The United States is experiencing its worst drought since 1956. Politically, the brutal weather is manna from heaven for the agriculture lobby and its amen chorus on Capitol Hill. At last – the perfect excuse to pressure House Speaker John Boehner, R-Ohio, into speeding consideration of a subsidy-rich, five-year farm bill!

“We need to pass a farm bill,” said Senate Agriculture Committee Chairwoman Debbie Stabenow, D-Mich., who has already shepherded a version of the legislation through the upper house. Actually, the flawed bill is irrelevant to the farm belt’s predicament, and it could perversely magnify losses from future natural disasters.

The worst damage is to the corn crop, 80 percent of which goes to feed animals. Corn supplies were already tight before the drought, so feed costs for pork, dairy, chicken and beef producers are headed up.

But keep the potential hardship to producers and consumers in perspective. “U.S. farmers face this drought in their strongest financial position in history, buoyed by less debt, record-high grain and land prices, plus greater production and exports,” reported Christine Stebbins of Reuters after a thorough canvassing of industry and government experts.
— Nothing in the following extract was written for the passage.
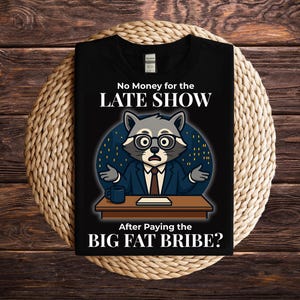 May include: Black t-shirt with a raccoon graphic wearing glasses and a suit behind a desk. Text reads "No Money for the LATE SHOW" and "After Paying the BIG FAT BRIBE?" on the front. The shirt is displayed on a woven mat.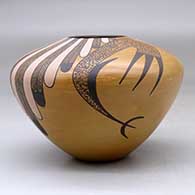 A high shouldered polychrome jar decorated with a bird element, feather and geometric design, click or tap to see a larger version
Farm losses should be far smaller than in the last big drought 24 years ago.

In fact, the Agriculture Department estimates that government-subsidized crop insurance covers more than 80 percent of farmland planted with major field crops – at least two of which, wheat and cotton, appear pretty much unaffected by the dry weather anyway. Dairy farms are the least likely to be in drought-ravaged areas, the USDA reports. And many enjoy federally subsidized insurance against rising feed costs.

The consumer may not notice much in the way of higher prices for 10 to 12 months, according to the USDA; meanwhile, meat may get cheaper, as producers slaughter animals rather than feed them expensive grain. Overall, the USDA estimates that a 50 percent increase in corn prices could boost retail food prices by 0.5 percent to 1 percent – nothing to celebrate but hardly devastating.

And before Congress rushes through the farm bill, it’s worth reflecting on all the ways existing policies worsen the drought’s effect. More corn would be available for animals if not for federal ethanol mandates. One reason for drought- and flood-related crop losses is that federally subsidized crop insurance encourages farmers to cultivate marginal land and engage in other risky practices, knowing that taxpayers will, in effect, bail them out. Both the House and Senate versions would increase subsidized crop insurance, thus accentuating this moral hazard.

Given farming’s vulnerability to extreme weather, against which private insurance may not exist, there may be a limited role for government protection from genuine catastrophe. This drought might or might not qualify, depending on what crop you’re talking about and where it’s planted.

Otherwise, farmers should have to hedge as other businesses do: by diversifying product lines, buying insurance at market rates, leveraging assets or maintaining cash reserves. For decades, federal policy has been training farmers to depend on government instead, and taxpayers have been picking up the tab.